Task item -
Say the number of lines in the records below that hold the word "include", and only that number.

Start of Extracted entries

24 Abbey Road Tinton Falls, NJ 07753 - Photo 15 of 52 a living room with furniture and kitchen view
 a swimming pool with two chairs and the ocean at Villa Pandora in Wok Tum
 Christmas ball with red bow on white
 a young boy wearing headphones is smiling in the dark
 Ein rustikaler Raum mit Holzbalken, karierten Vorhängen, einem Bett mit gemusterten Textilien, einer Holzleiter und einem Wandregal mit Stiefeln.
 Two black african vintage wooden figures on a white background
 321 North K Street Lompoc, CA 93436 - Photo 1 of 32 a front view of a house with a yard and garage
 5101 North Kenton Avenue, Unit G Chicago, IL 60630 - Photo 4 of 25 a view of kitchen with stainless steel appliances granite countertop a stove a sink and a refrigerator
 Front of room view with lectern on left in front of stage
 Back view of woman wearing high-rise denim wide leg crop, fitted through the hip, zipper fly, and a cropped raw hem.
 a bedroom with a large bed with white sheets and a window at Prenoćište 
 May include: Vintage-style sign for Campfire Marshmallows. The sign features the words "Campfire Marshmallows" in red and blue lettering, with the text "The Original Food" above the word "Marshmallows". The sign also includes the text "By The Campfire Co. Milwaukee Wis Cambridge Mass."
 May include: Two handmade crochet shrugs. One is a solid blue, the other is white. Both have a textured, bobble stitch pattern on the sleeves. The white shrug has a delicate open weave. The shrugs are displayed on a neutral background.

End of Extracted entries

Response area -
2